TABLE 9 Ablation Case Study 5:Learning Rate Modifications

The ablation study indicates that each component and hyperparameter plays a crucial role in the performance of the proposed EfficientNetB4 model. A summary of optimized values is presented in Table 3. By systematically evaluating different configurations, we identified the optimal setup for accurately detecting brain tumors from MRI images. This comprehensive analysis underscores the robustness and adaptability of the proposed model, ensuring its efficacy in clinical applications.

C. K-Fold Cross-Validation

To ensure that our model does not suffer from overfitting and to validate its performance, we performed K-Fold Cross-Validation [58] using 5-fold and 10-fold splits. This technique allows for a robust evaluation by partitioning the dataset into k subsets, iteratively training the model on $ k-1 $ subsets while using the remaining subset for validation. The results from each iteration are then averaged to provide a comprehensive assessment of the model’s performance.In the 5-Fold Cross-Validation, the dataset was divided into 5 subsets. The model was trained and validated 5 times, each time using a different subset as the validation set and the remaining 4 subsets for training. The results are summarized in Table 10.Similarly, for the 10-Fold Cross-Validation, the dataset was divided into 10 subsets. The model was trained and validated 10 times, using each subset once as the validation set and the remaining 9 subsets for training. The results are summarized in Table 11.

TABLE 10 5-Fold Cross Validation Results

TABLE 11 10-Fold Cross Validation Results

The results of the K-Fold Cross-Validation indicate consistent performance across multiple splits of the dataset. The model maintained high accuracy and low loss, demonstrating its robustness and generalizability.The main advantage of using 5-fold cross-validation is its lower computational cost compared to higher values of k, while still providing a robust estimate of model performance. On the other hand, 10-fold cross-validation often provides a more accurate estimate by reducing the bias of the actual error rate estimator, although at a higher computational expense.Both techniques produced promising results in our experiments.

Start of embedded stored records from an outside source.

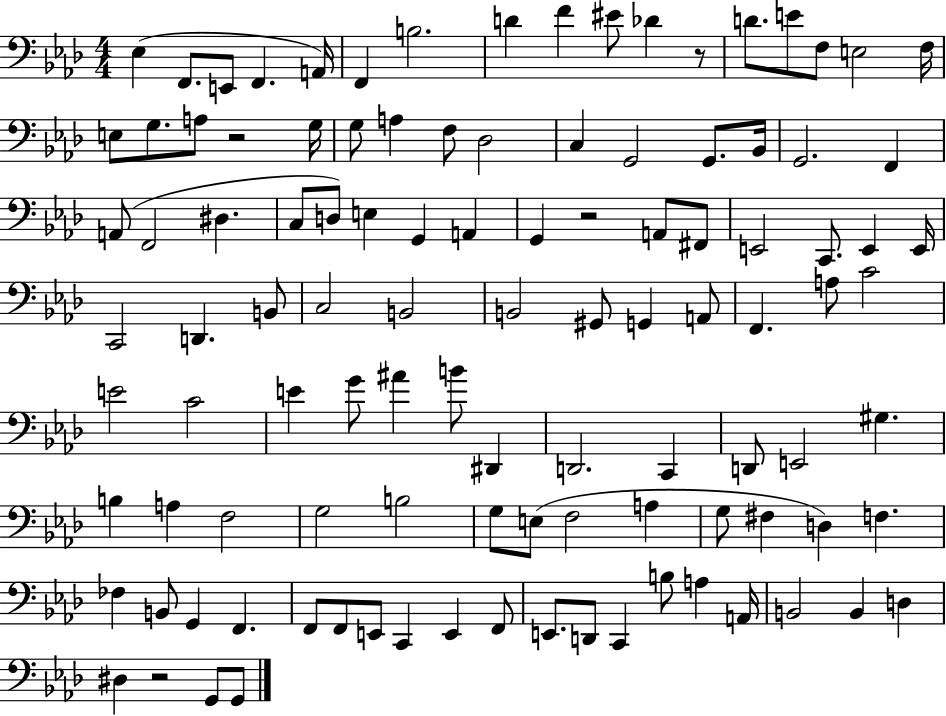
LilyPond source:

{
  \clef bass
  \numericTimeSignature
  \time 4/4
  \key aes \major
  ees4( f,8. e,8 f,4. a,16) | f,4 b2. | d'4 f'4 eis'8 des'4 r8 | d'8. e'8 f8 e2 f16 | \break e8 g8. a8 r2 g16 | g8 a4 f8 des2 | c4 g,2 g,8. bes,16 | g,2. f,4 | \break a,8( f,2 dis4. | c8 d8) e4 g,4 a,4 | g,4 r2 a,8 fis,8 | e,2 c,8. e,4 e,16 | \break c,2 d,4. b,8 | c2 b,2 | b,2 gis,8 g,4 a,8 | f,4. a8 c'2 | \break e'2 c'2 | e'4 g'8 ais'4 b'8 dis,4 | d,2. c,4 | d,8 e,2 gis4. | \break b4 a4 f2 | g2 b2 | g8 e8( f2 a4 | g8 fis4 d4) f4. | \break fes4 b,8 g,4 f,4. | f,8 f,8 e,8 c,4 e,4 f,8 | e,8. d,8 c,4 b8 a4 a,16 | b,2 b,4 d4 | \break dis4 r2 g,8 g,8 | \bar "|."
} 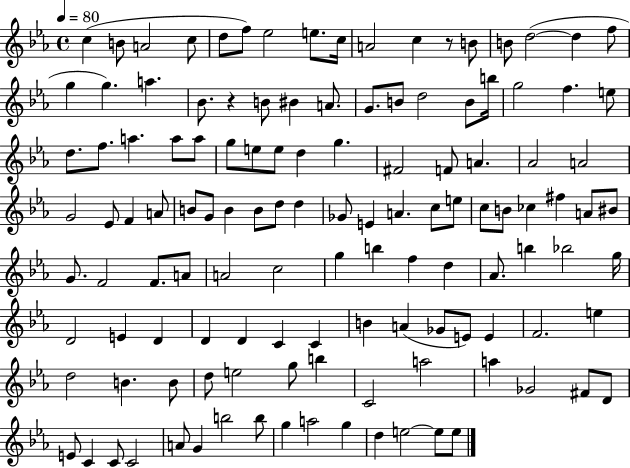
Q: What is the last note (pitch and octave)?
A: E5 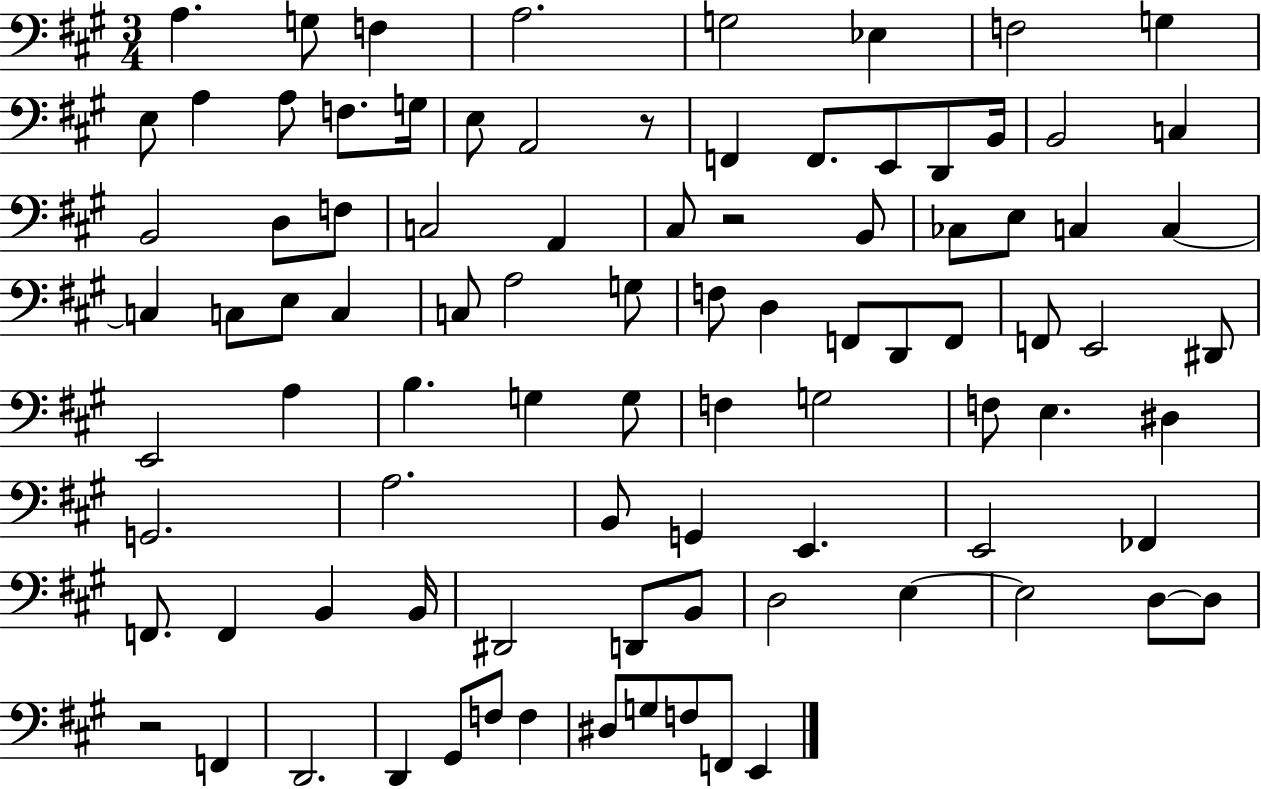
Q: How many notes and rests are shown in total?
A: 91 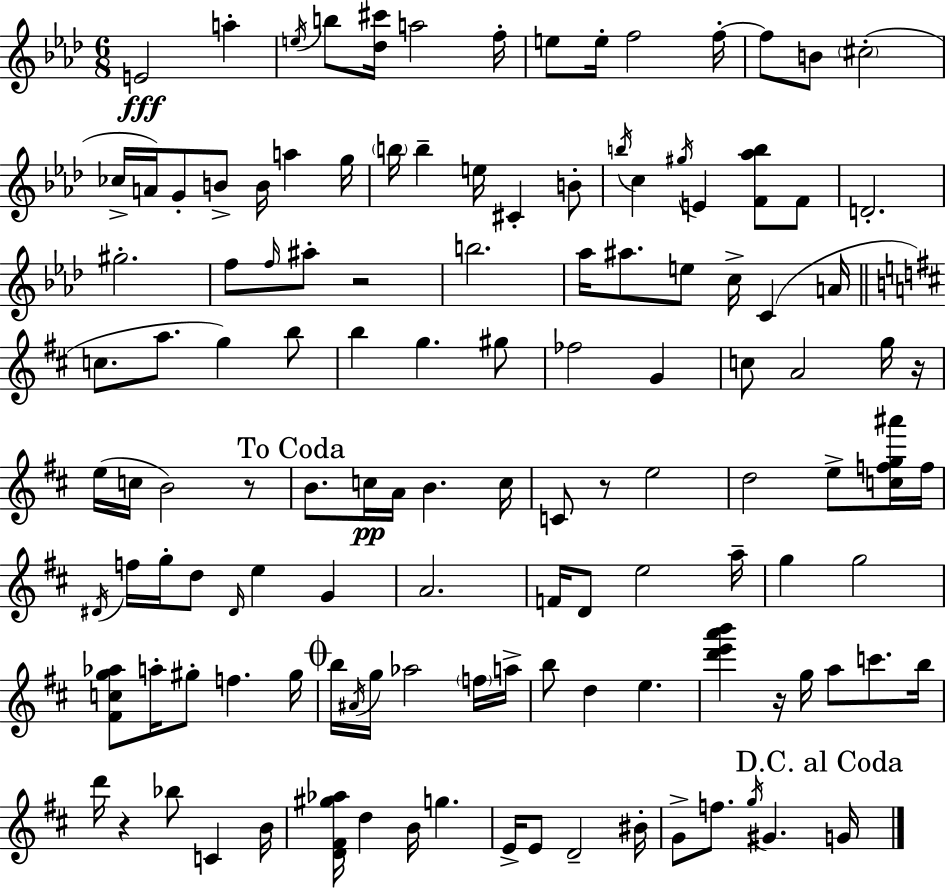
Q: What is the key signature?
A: AES major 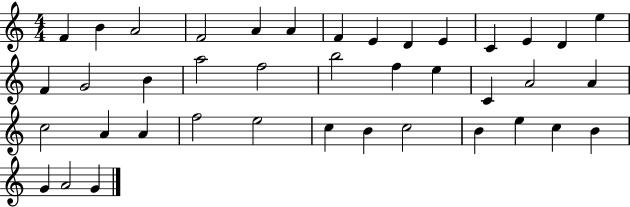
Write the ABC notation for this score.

X:1
T:Untitled
M:4/4
L:1/4
K:C
F B A2 F2 A A F E D E C E D e F G2 B a2 f2 b2 f e C A2 A c2 A A f2 e2 c B c2 B e c B G A2 G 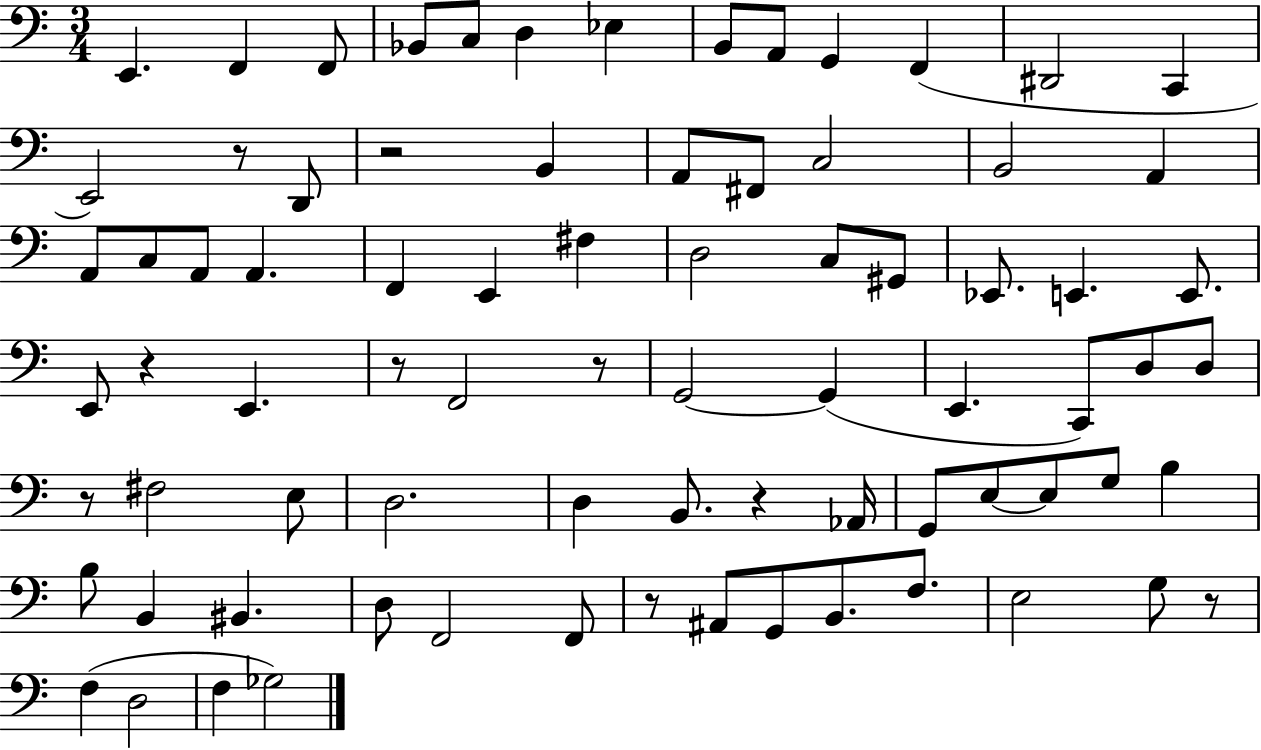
X:1
T:Untitled
M:3/4
L:1/4
K:C
E,, F,, F,,/2 _B,,/2 C,/2 D, _E, B,,/2 A,,/2 G,, F,, ^D,,2 C,, E,,2 z/2 D,,/2 z2 B,, A,,/2 ^F,,/2 C,2 B,,2 A,, A,,/2 C,/2 A,,/2 A,, F,, E,, ^F, D,2 C,/2 ^G,,/2 _E,,/2 E,, E,,/2 E,,/2 z E,, z/2 F,,2 z/2 G,,2 G,, E,, C,,/2 D,/2 D,/2 z/2 ^F,2 E,/2 D,2 D, B,,/2 z _A,,/4 G,,/2 E,/2 E,/2 G,/2 B, B,/2 B,, ^B,, D,/2 F,,2 F,,/2 z/2 ^A,,/2 G,,/2 B,,/2 F,/2 E,2 G,/2 z/2 F, D,2 F, _G,2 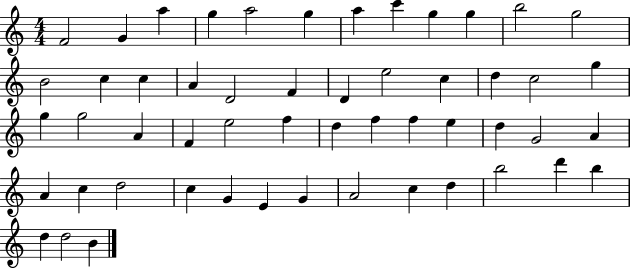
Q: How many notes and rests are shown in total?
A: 53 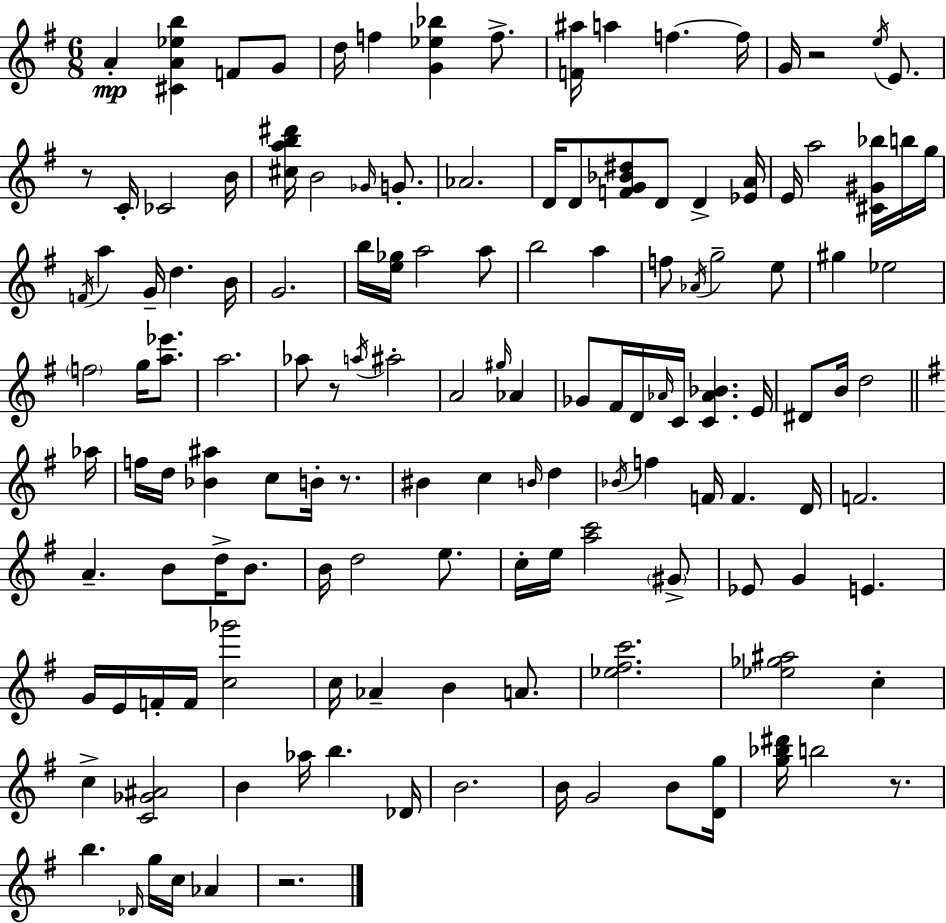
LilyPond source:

{
  \clef treble
  \numericTimeSignature
  \time 6/8
  \key g \major
  a'4-.\mp <cis' a' ees'' b''>4 f'8 g'8 | d''16 f''4 <g' ees'' bes''>4 f''8.-> | <f' ais''>16 a''4 f''4.~~ f''16 | g'16 r2 \acciaccatura { e''16 } e'8. | \break r8 c'16-. ces'2 | b'16 <cis'' a'' b'' dis'''>16 b'2 \grace { ges'16 } g'8.-. | aes'2. | d'16 d'8 <f' g' bes' dis''>8 d'8 d'4-> | \break <ees' a'>16 e'16 a''2 <cis' gis' bes''>16 | b''16 g''16 \acciaccatura { f'16 } a''4 g'16-- d''4. | b'16 g'2. | b''16 <e'' ges''>16 a''2 | \break a''8 b''2 a''4 | f''8 \acciaccatura { aes'16 } g''2-- | e''8 gis''4 ees''2 | \parenthesize f''2 | \break g''16 <a'' ees'''>8. a''2. | aes''8 r8 \acciaccatura { a''16 } ais''2-. | a'2 | \grace { gis''16 } aes'4 ges'8 fis'16 d'16 \grace { aes'16 } c'16 | \break <c' aes' bes'>4. e'16 dis'8 b'16 d''2 | \bar "||" \break \key e \minor aes''16 f''16 d''16 <bes' ais''>4 c''8 b'16-. r8. | bis'4 c''4 \grace { b'16 } d''4 | \acciaccatura { bes'16 } f''4 f'16 f'4. | d'16 f'2. | \break a'4.-- b'8 d''16-> | b'8. b'16 d''2 | e''8. c''16-. e''16 <a'' c'''>2 | \parenthesize gis'8-> ees'8 g'4 e'4. | \break g'16 e'16 f'16-. f'16 <c'' ges'''>2 | c''16 aes'4-- b'4 | a'8. <ees'' fis'' c'''>2. | <ees'' ges'' ais''>2 c''4-. | \break c''4-> <c' ges' ais'>2 | b'4 aes''16 b''4. | des'16 b'2. | b'16 g'2 | \break b'8 <d' g''>16 <g'' bes'' dis'''>16 b''2 | r8. b''4. \grace { des'16 } g''16 c''16 | aes'4 r2. | \bar "|."
} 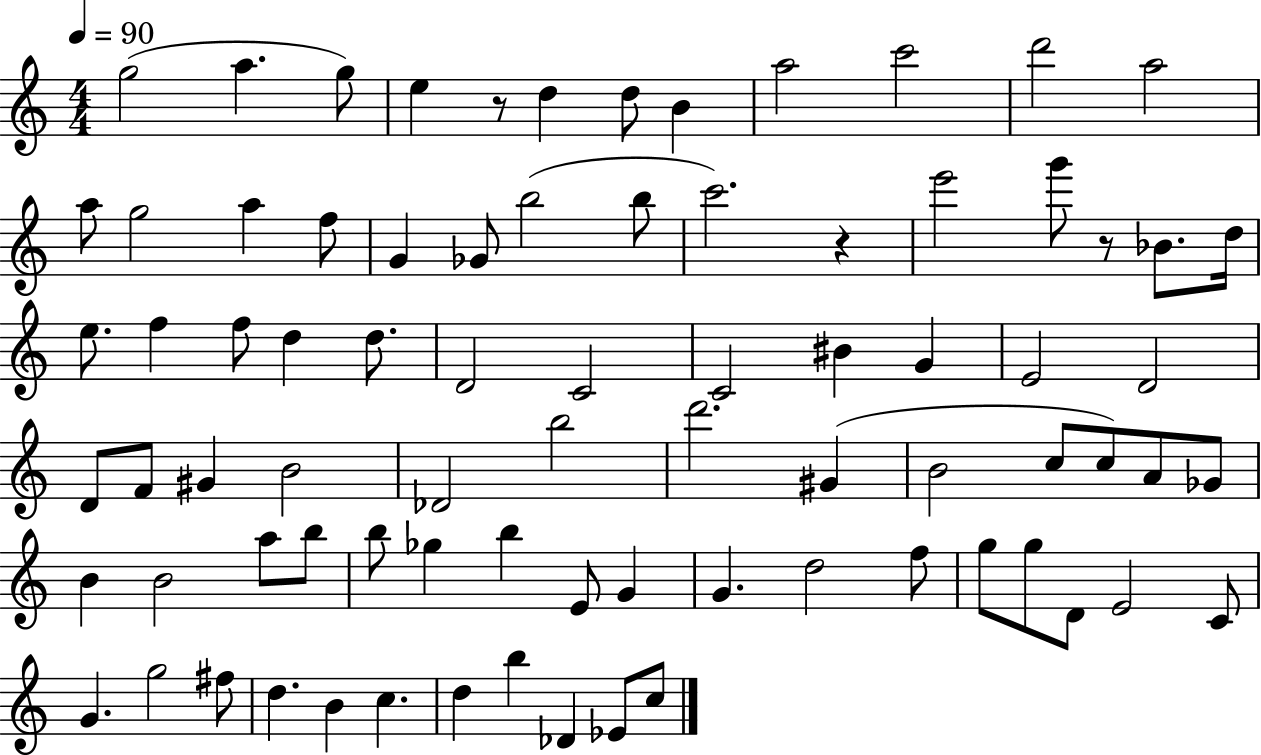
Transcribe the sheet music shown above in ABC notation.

X:1
T:Untitled
M:4/4
L:1/4
K:C
g2 a g/2 e z/2 d d/2 B a2 c'2 d'2 a2 a/2 g2 a f/2 G _G/2 b2 b/2 c'2 z e'2 g'/2 z/2 _B/2 d/4 e/2 f f/2 d d/2 D2 C2 C2 ^B G E2 D2 D/2 F/2 ^G B2 _D2 b2 d'2 ^G B2 c/2 c/2 A/2 _G/2 B B2 a/2 b/2 b/2 _g b E/2 G G d2 f/2 g/2 g/2 D/2 E2 C/2 G g2 ^f/2 d B c d b _D _E/2 c/2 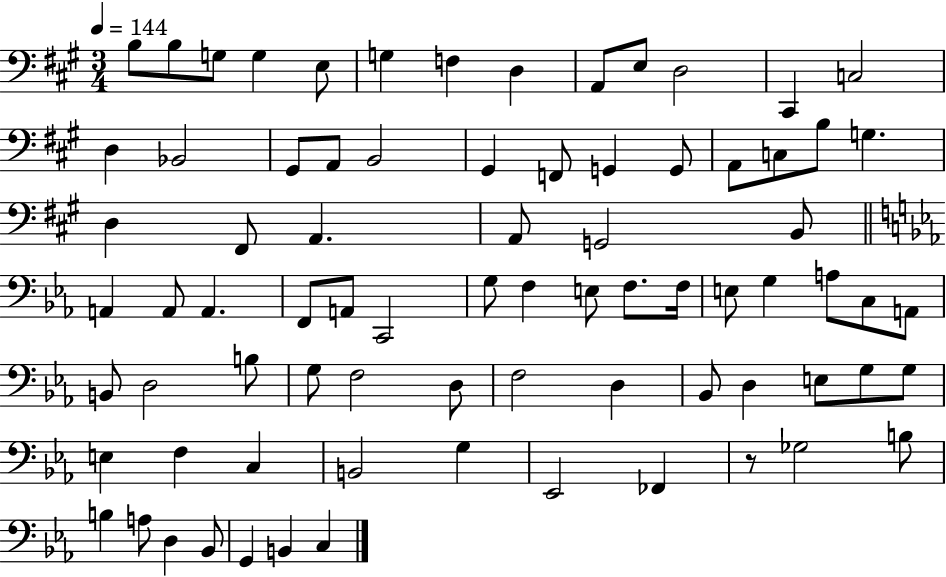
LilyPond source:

{
  \clef bass
  \numericTimeSignature
  \time 3/4
  \key a \major
  \tempo 4 = 144
  b8 b8 g8 g4 e8 | g4 f4 d4 | a,8 e8 d2 | cis,4 c2 | \break d4 bes,2 | gis,8 a,8 b,2 | gis,4 f,8 g,4 g,8 | a,8 c8 b8 g4. | \break d4 fis,8 a,4. | a,8 g,2 b,8 | \bar "||" \break \key c \minor a,4 a,8 a,4. | f,8 a,8 c,2 | g8 f4 e8 f8. f16 | e8 g4 a8 c8 a,8 | \break b,8 d2 b8 | g8 f2 d8 | f2 d4 | bes,8 d4 e8 g8 g8 | \break e4 f4 c4 | b,2 g4 | ees,2 fes,4 | r8 ges2 b8 | \break b4 a8 d4 bes,8 | g,4 b,4 c4 | \bar "|."
} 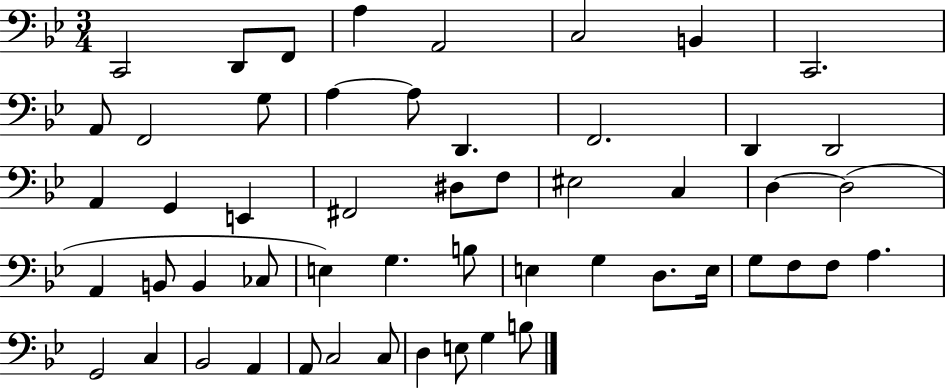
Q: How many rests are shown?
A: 0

The 10-Fold Cross-Validation showed slightly better performance with a higher average accuracy and lower average loss, further confirming that the model does not overfit to any particular subset of the data.

D. Blind Test Evaluation

To assess the robustness and generalizability of our trained model, we performed a blind test using an independent dataset for brain tumor detection [59]. This dataset consisted of 98 non-tumor images and 155 tumor images, which were not seen by the model during the training phase.The confusion matrix indicates that the model correctly classified 93 non-tumor images and 155 tumor images, with 5 false positives and no false negatives.Results are shown in Table 12.

TABLE 12 Blind Test Evaluation

The blind test results demonstrate the high performance of our model on an unseen dataset, confirming its potential effectiveness in real-world scenarios. The high accuracy (98.02%) and recall (100%) indicate that the model is highly reliable in detecting tumor cases, with no false negatives. This is critical in medical diagnostics, where missing a positive case could have severe implications.The precision (96.88%) and F1 score (98.41%) further validate the model’s capability to correctly identify tumor images, with a balanced trade-off between precision and recall. The specificity (94.90%) shows that the model is also effective in identifying non-tumor cases, though there is a small rate of false positives (5 cases out of 98 non-tumor images).The F2 score (99.36%), which emphasizes recall over precision, aligns with the goal of maximizing the detection of tumor cases. The sensitivity (100%) reiterates the model’s perfect performance in identifying all actual tumor cases in the dataset.

In conclusion, the blind test results underscore the model’s robustness and reliability in detecting brain tumors, with strong performance across all key metrics. These findings suggest that the model can be confidently applied in clinical settings for brain tumor diagnosis, potentially aiding in timely and accurate medical decision-making.